Work instruction: Your task is to transcribe all the entries exactly, excluding pictures.

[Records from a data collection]
○ ○ ○ ○ ○ ○ ○

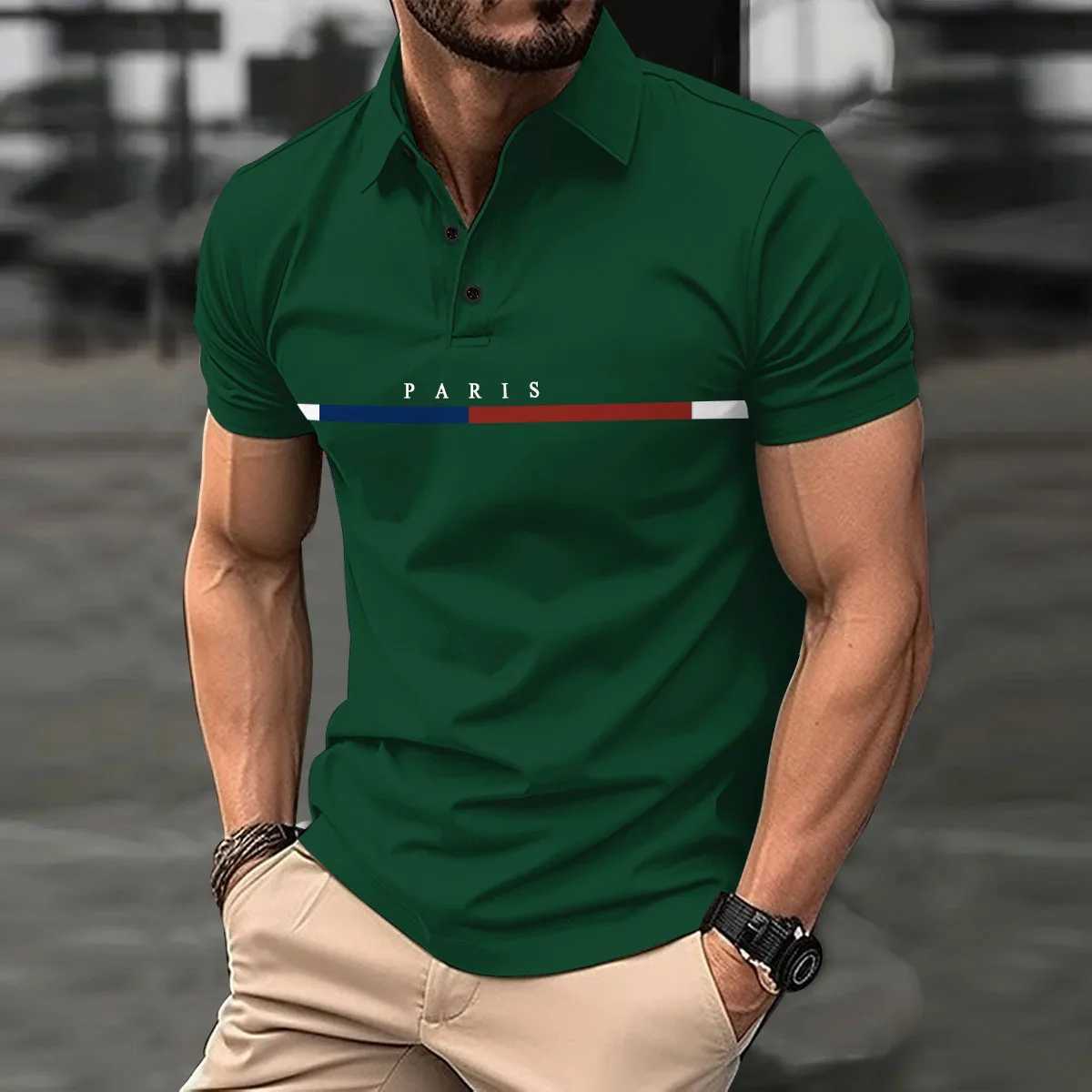 Fashionable mens new summer short-sleeved printed striped French color button lapel POLO shirt sports casual slim shirtX240920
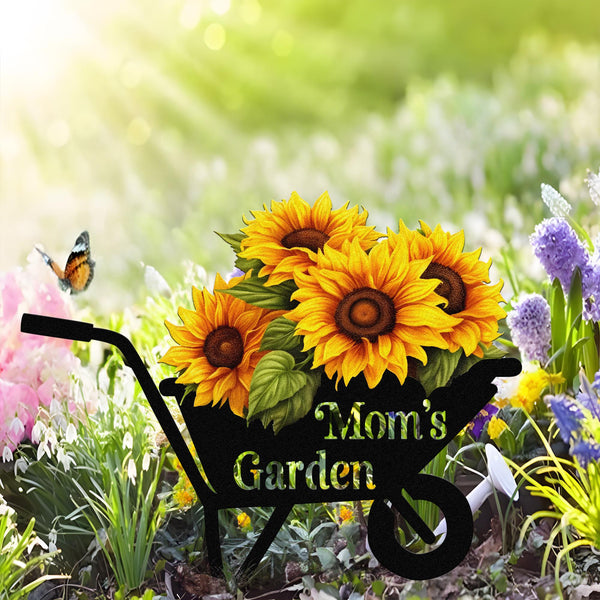 Custom Sunflower Flower Memorial Stake, Floral Stake Metal Sign, Personalized Florist Outdoor Stake, Nature Garden Stake, Yard Metal Stake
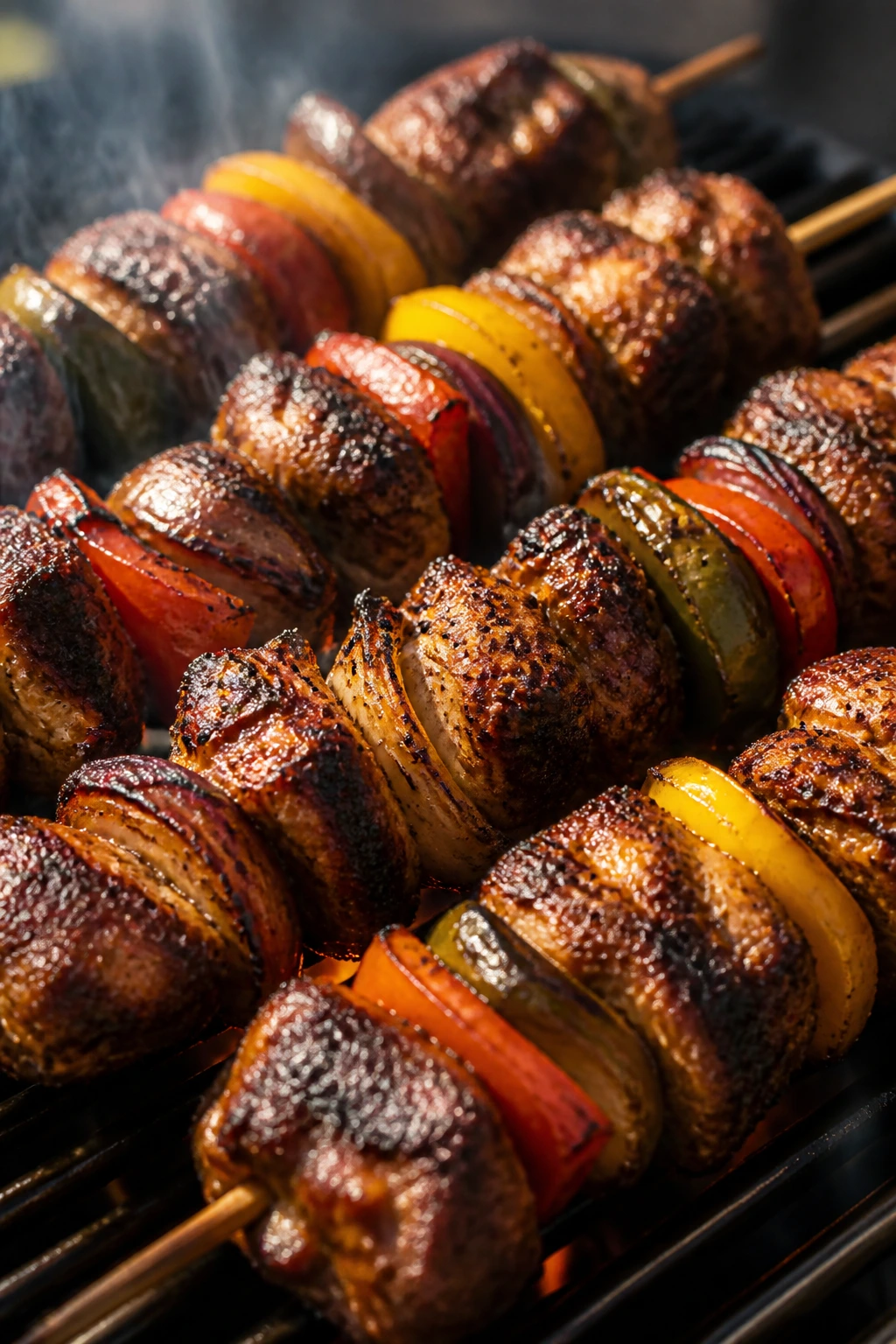Close-up of jerk chicken skewers on a grill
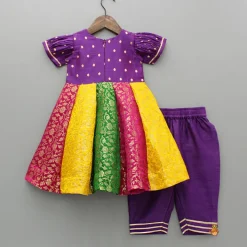 New Multicolour Anarkali Kurti With Pant And Dupatta Ethnic Wear | Churidars & Salwars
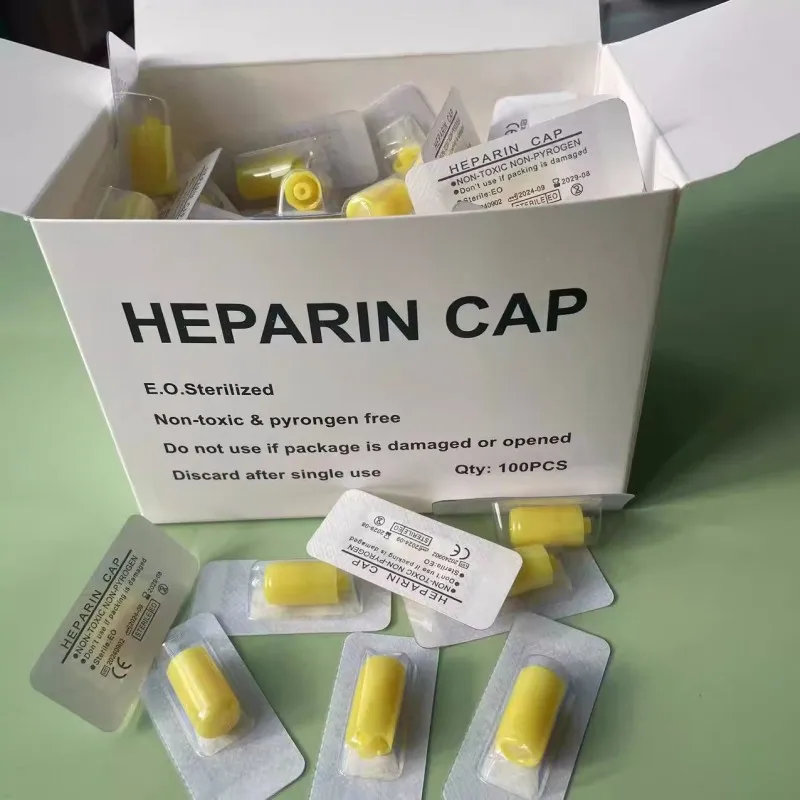 100pcs Disposable Heparin Cap IV Cannula Catheter Heparin Caps for Animals Dog Cat Veterinary Medical Consumables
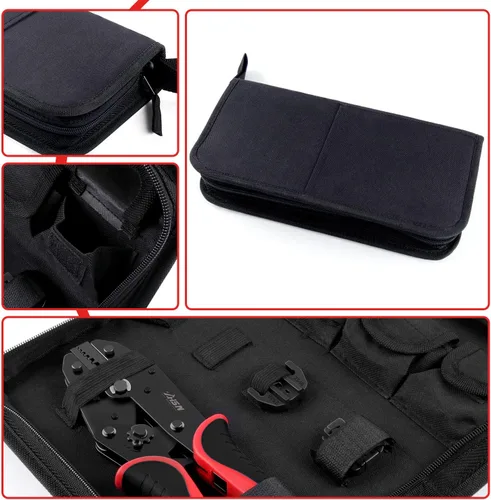 Vista 7 de Zhushan Juego de herramientas de prensado de alambre de 8 piezas, kit de crimpadora de trinquete con troqueles intercambiables para conectores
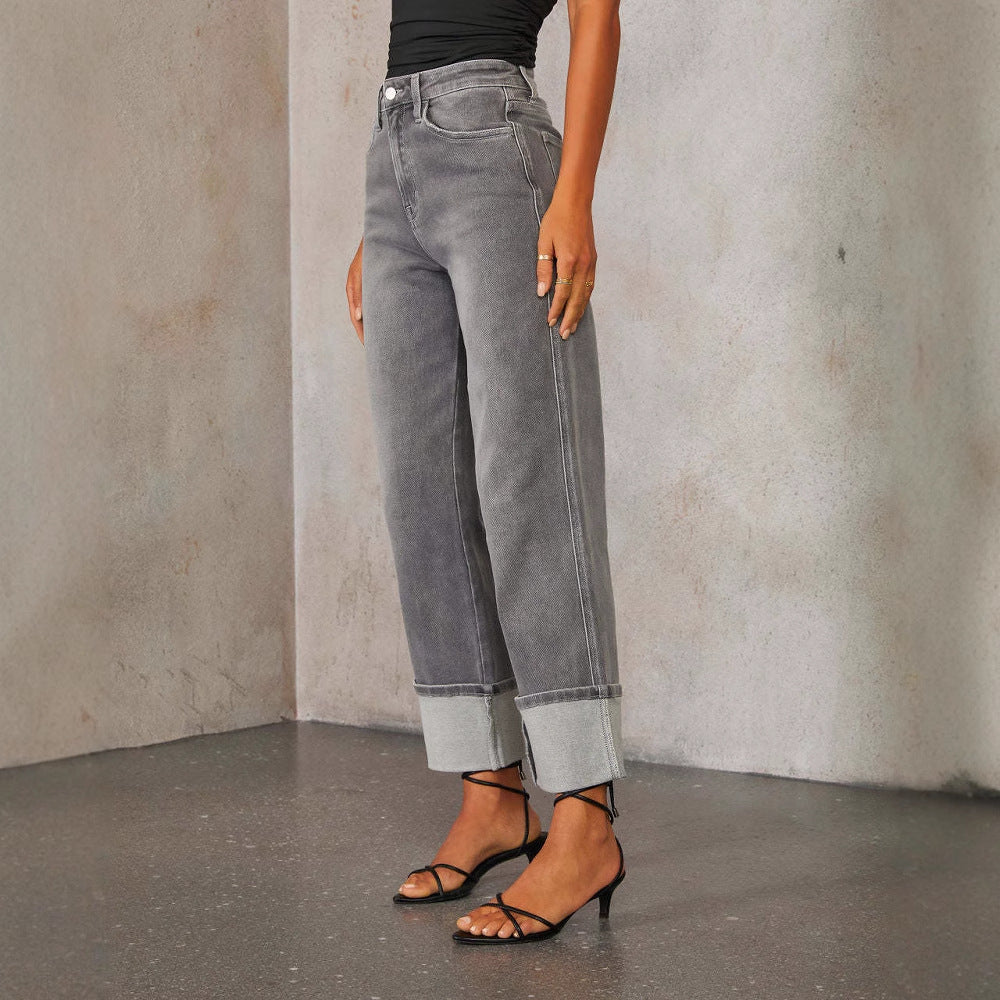 Damen Weite Jeans im modernen cropped Stil mit Kontrastabschlüssen EB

○ ○ ○ ○ ○ ○ ○

Completed exercise:
 Fashionable mens new summer short-sleeved printed striped French color button lapel POLO shirt sports casual slim shirtX240920
 Custom Sunflower Flower Memorial Stake, Floral Stake Metal Sign, Personalized Florist Outdoor Stake, Nature Garden Stake, Yard Metal Stake
Close-up of jerk chicken skewers on a grill
 New Multicolour Anarkali Kurti With Pant And Dupatta Ethnic Wear | Churidars & Salwars
 100pcs Disposable Heparin Cap IV Cannula Catheter Heparin Caps for Animals Dog Cat Veterinary Medical Consumables
 Vista 7 de Zhushan Juego de herramientas de prensado de alambre de 8 piezas, kit de crimpadora de trinquete con troqueles intercambiables para conectores
 Damen Weite Jeans im modernen cropped Stil mit Kontrastabschlüssen EB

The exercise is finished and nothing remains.